Work required = Copy nothing but the lines running from the one containing "For those who" through the end of the listing below. Drop the pictures.

Information supplied =

▼

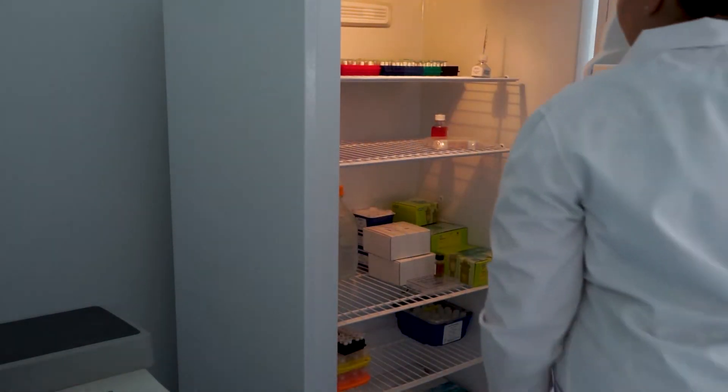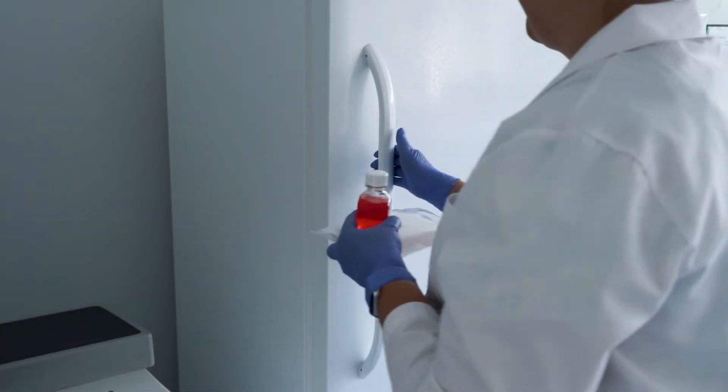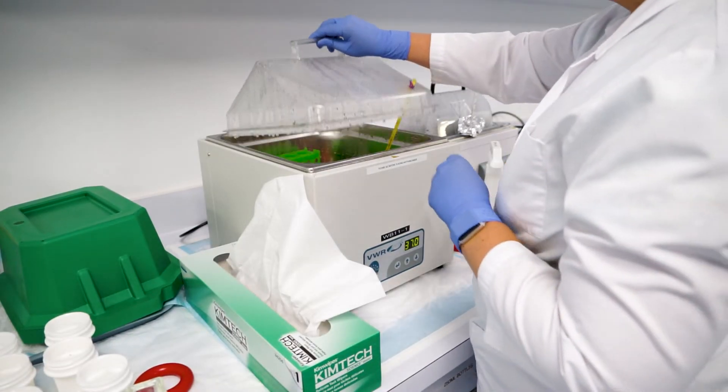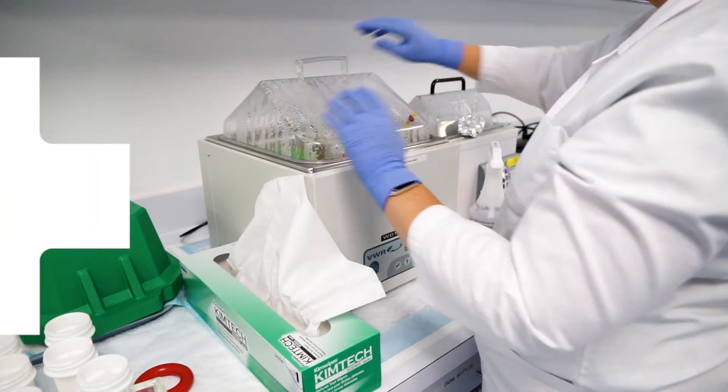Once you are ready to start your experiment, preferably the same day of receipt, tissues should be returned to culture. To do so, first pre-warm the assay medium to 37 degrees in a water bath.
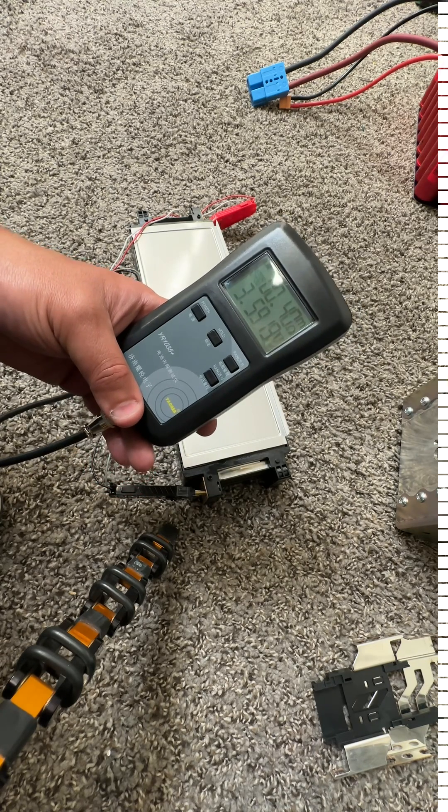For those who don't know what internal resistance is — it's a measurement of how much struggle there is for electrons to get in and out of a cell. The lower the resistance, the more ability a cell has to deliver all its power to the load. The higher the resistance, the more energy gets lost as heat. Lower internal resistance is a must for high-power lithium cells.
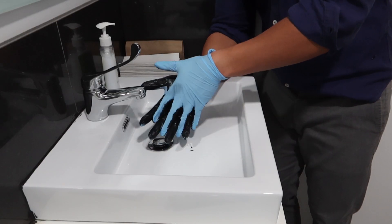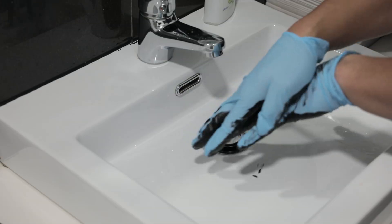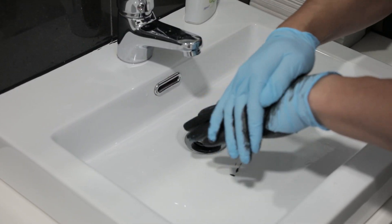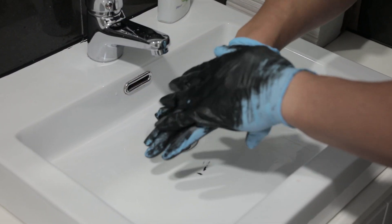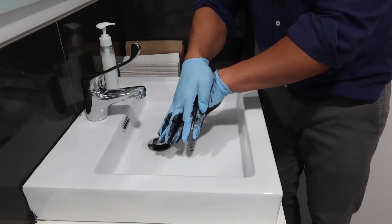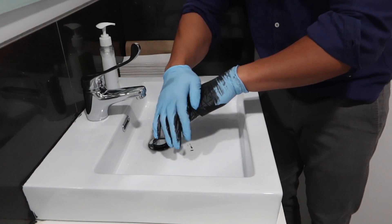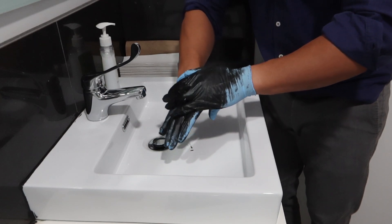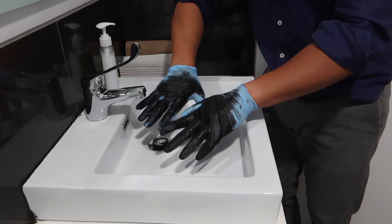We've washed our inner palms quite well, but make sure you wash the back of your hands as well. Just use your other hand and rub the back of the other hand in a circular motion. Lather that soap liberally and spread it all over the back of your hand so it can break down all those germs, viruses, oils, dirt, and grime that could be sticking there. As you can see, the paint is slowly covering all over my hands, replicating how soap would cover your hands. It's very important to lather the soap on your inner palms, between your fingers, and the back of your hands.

▲

Solved problem =
For those who don't know what internal resistance is — it's a measurement of how much struggle there is for electrons to get in and out of a cell. The lower the resistance, the more ability a cell has to deliver all its power to the load. The higher the resistance, the more energy gets lost as heat. Lower internal resistance is a must for high-power lithium cells.
We've washed our inner palms quite well, but make sure you wash the back of your hands as well. Just use your other hand and rub the back of the other hand in a circular motion. Lather that soap liberally and spread it all over the back of your hand so it can break down all those germs, viruses, oils, dirt, and grime that could be sticking there. As you can see, the paint is slowly covering all over my hands, replicating how soap would cover your hands. It's very important to lather the soap on your inner palms, between your fingers, and the back of your hands.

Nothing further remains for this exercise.